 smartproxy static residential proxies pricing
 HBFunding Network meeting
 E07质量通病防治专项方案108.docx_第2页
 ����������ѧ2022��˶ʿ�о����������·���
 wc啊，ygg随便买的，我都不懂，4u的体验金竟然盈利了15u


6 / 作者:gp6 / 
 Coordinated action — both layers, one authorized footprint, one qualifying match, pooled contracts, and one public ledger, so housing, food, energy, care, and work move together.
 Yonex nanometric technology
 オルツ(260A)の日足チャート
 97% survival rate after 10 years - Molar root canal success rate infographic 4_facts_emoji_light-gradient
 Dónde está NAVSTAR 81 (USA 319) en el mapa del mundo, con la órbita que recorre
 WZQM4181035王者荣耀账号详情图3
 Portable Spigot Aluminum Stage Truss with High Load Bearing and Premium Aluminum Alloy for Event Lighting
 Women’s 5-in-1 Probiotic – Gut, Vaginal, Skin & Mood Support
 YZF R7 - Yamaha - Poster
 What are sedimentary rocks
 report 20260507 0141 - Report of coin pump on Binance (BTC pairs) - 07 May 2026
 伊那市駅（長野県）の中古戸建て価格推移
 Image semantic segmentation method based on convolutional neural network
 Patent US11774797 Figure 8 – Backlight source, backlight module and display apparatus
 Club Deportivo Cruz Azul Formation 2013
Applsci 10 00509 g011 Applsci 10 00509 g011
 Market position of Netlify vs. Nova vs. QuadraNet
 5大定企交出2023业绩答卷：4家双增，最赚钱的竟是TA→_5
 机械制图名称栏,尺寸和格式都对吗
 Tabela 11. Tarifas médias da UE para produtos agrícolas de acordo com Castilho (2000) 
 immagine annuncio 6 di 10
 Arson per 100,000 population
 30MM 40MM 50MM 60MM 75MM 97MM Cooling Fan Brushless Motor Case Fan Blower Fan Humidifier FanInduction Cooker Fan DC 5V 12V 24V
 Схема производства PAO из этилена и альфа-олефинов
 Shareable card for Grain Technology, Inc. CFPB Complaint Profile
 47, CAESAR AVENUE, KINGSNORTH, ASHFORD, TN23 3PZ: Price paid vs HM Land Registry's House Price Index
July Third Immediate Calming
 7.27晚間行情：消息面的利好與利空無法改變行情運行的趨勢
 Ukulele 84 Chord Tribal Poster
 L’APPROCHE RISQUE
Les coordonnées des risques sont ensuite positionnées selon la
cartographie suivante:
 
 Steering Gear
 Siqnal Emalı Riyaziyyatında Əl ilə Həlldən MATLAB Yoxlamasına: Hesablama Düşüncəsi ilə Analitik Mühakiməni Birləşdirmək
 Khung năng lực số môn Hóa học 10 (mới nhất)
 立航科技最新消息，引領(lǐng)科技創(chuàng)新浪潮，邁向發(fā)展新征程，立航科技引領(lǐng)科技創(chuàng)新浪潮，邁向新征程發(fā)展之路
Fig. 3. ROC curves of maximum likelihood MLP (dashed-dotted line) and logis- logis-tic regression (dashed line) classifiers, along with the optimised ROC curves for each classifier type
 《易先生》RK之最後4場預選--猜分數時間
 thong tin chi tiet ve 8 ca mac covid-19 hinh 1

◆ ◆ ◆

**YOUR ASSIGNMENT**
Working through the records above, copy each one exactly.

**EXPECTED ANSWER**
 smartproxy static residential proxies pricing
 HBFunding Network meeting
 E07质量通病防治专项方案108.docx_第2页
 ����������ѧ2022��˶ʿ�о����������·���
 wc啊，ygg随便买的，我都不懂，4u的体验金竟然盈利了15u


6 / 作者:gp6 / 
 Coordinated action — both layers, one authorized footprint, one qualifying match, pooled contracts, and one public ledger, so housing, food, energy, care, and work move together.
 Yonex nanometric technology
 オルツ(260A)の日足チャート
 97% survival rate after 10 years - Molar root canal success rate infographic 4_facts_emoji_light-gradient
 Dónde está NAVSTAR 81 (USA 319) en el mapa del mundo, con la órbita que recorre
 WZQM4181035王者荣耀账号详情图3
 Portable Spigot Aluminum Stage Truss with High Load Bearing and Premium Aluminum Alloy for Event Lighting
 Women’s 5-in-1 Probiotic – Gut, Vaginal, Skin & Mood Support
 YZF R7 - Yamaha - Poster
 What are sedimentary rocks
 report 20260507 0141 - Report of coin pump on Binance (BTC pairs) - 07 May 2026
 伊那市駅（長野県）の中古戸建て価格推移
 Image semantic segmentation method based on convolutional neural network
 Patent US11774797 Figure 8 – Backlight source, backlight module and display apparatus
 Club Deportivo Cruz Azul Formation 2013
Applsci 10 00509 g011 Applsci 10 00509 g011
 Market position of Netlify vs. Nova vs. QuadraNet
 5大定企交出2023业绩答卷：4家双增，最赚钱的竟是TA→_5
 机械制图名称栏,尺寸和格式都对吗
 Tabela 11. Tarifas médias da UE para produtos agrícolas de acordo com Castilho (2000) 
 immagine annuncio 6 di 10
 Arson per 100,000 population
 30MM 40MM 50MM 60MM 75MM 97MM Cooling Fan Brushless Motor Case Fan Blower Fan Humidifier FanInduction Cooker Fan DC 5V 12V 24V
 Схема производства PAO из этилена и альфа-олефинов
 Shareable card for Grain Technology, Inc. CFPB Complaint Profile
 47, CAESAR AVENUE, KINGSNORTH, ASHFORD, TN23 3PZ: Price paid vs HM Land Registry's House Price Index
July Third Immediate Calming
 7.27晚間行情：消息面的利好與利空無法改變行情運行的趨勢
 Ukulele 84 Chord Tribal Poster
 L’APPROCHE RISQUE
Les coordonnées des risques sont ensuite positionnées selon la
cartographie suivante:
 
 Steering Gear
 Siqnal Emalı Riyaziyyatında Əl ilə Həlldən MATLAB Yoxlamasına: Hesablama Düşüncəsi ilə Analitik Mühakiməni Birləşdirmək
 Khung năng lực số môn Hóa học 10 (mới nhất)
 立航科技最新消息，引領(lǐng)科技創(chuàng)新浪潮，邁向發(fā)展新征程，立航科技引領(lǐng)科技創(chuàng)新浪潮，邁向新征程發(fā)展之路
Fig. 3. ROC curves of maximum likelihood MLP (dashed-dotted line) and logis- logis-tic regression (dashed line) classifiers, along with the optimised ROC curves for each classifier type
 《易先生》RK之最後4場預選--猜分數時間
 thong tin chi tiet ve 8 ca mac covid-19 hinh 1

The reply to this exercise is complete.